Pros and cons of electrical actuators
As we’ve seen from the discussions of the different actuators, each actuator type has a unique set of advantages and disadvantages. Looking at electrical actuators as a whole, however, reveals that there also certain tradeoffs to their benefits:
Suitable for PLC integration
The reliance on electrical signals makes electrical actuators a perfectly suitable component of a PLC system. Through its various I/O modules, a PLC communicates with its several external components via electrical signals. Any feedback signals are then transmitted back to the PLC and processed through a pre-programmed algorithm. This is instrumental for ensuring that valves are opened and closed as desired and that the target flow rates are achieved.
Scalable and versatile
For both solenoid and electric motor actuators, the current supply can be varied to control the speed at which the mechanical shafts move. This means that an actuator’s parameters can be adjusted to influence valve behavior as needed. It also means that a single actuator can be installed to several different valves, should it be necessary when conducting an overhaul of the existing process.
Can be reprogrammed easily
Integration into a PLC system means that the behavior of an electrical actuator can be changed by changing its I/O module or making changes to the PLC’s programming code. This is crucial for industries that require frequent tweaking of process parameters and helps the PLC system attain the level of versatility for which they are known for.

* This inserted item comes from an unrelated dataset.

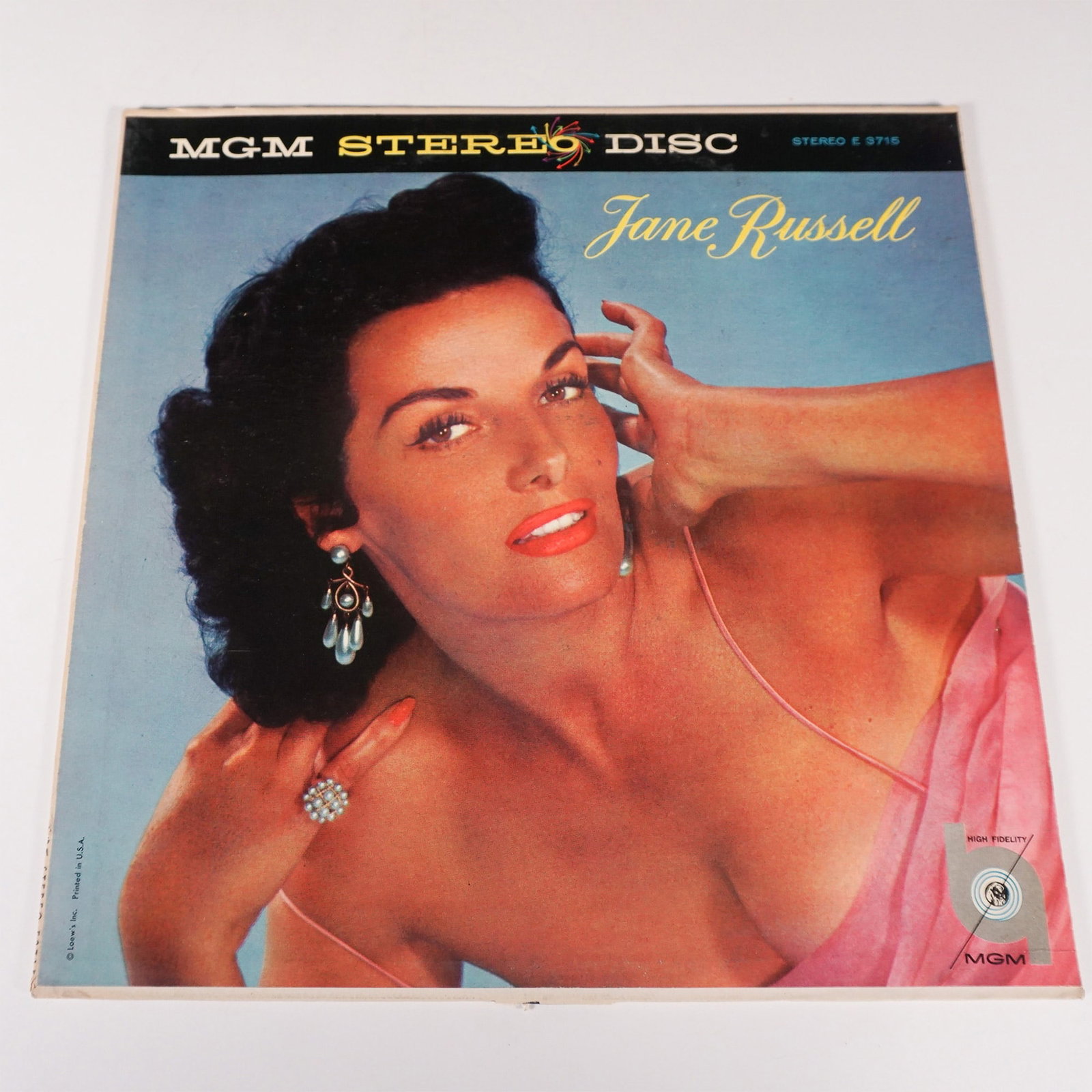 MGM Stereo Disc Jane Russell Vinyl Album E3715: MGM Stereo Disc vinyl album featuring Jane Russell, catalog number E3715. This rare record showcases the sultry vocals of the iconic actress and singer, with arrangements by Joe Rotondi and Billy May.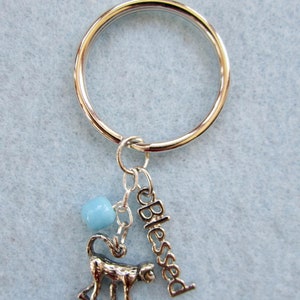 Key Ring with Monkey Charm, Turquoise Round Bead, and the word &quot;Blessed&quot;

Not suitable for all environments
The reliance on electrical systems, wires, and conductors necessarily means that electrical actuators are not suitable for environmental conditions. Exposure of these components to extreme temperature or humidity may result in rapid deterioration and more frequent repair and maintenance. For these harsh conditions, actuators that rely purely on pneumatics or hydraulics may be more appropriate.
Shifting from mostly manual process flow to pure automation is a huge endeavor, both in terms of effort and financial expenses. The contribution of actuators is a huge cost driver, especially because a 1:1 relationship needs to exist between each valve and each actuator. Installation of the actuators, the wiring, and the corresponding PLC system will take a lot of time and expert services.
Electrical actuators are an essential part of any automated industrial process. If the PLC acts as the brain of the system, think of the electrical actuators as its many hands and feet. In fact, this is the perfect analogy because a system’s PLC also received feedback signals from the actuators to check if they are working as intended.
To put it briefly, electrical actuators convert electrical input into mechanical motion. As we’ve described here, there are a few different mechanisms for achieving this, not all of them using electricity in a very direct way. However, all these different types of electrical actuators are valuable as illustrated by their widespread use across several industries.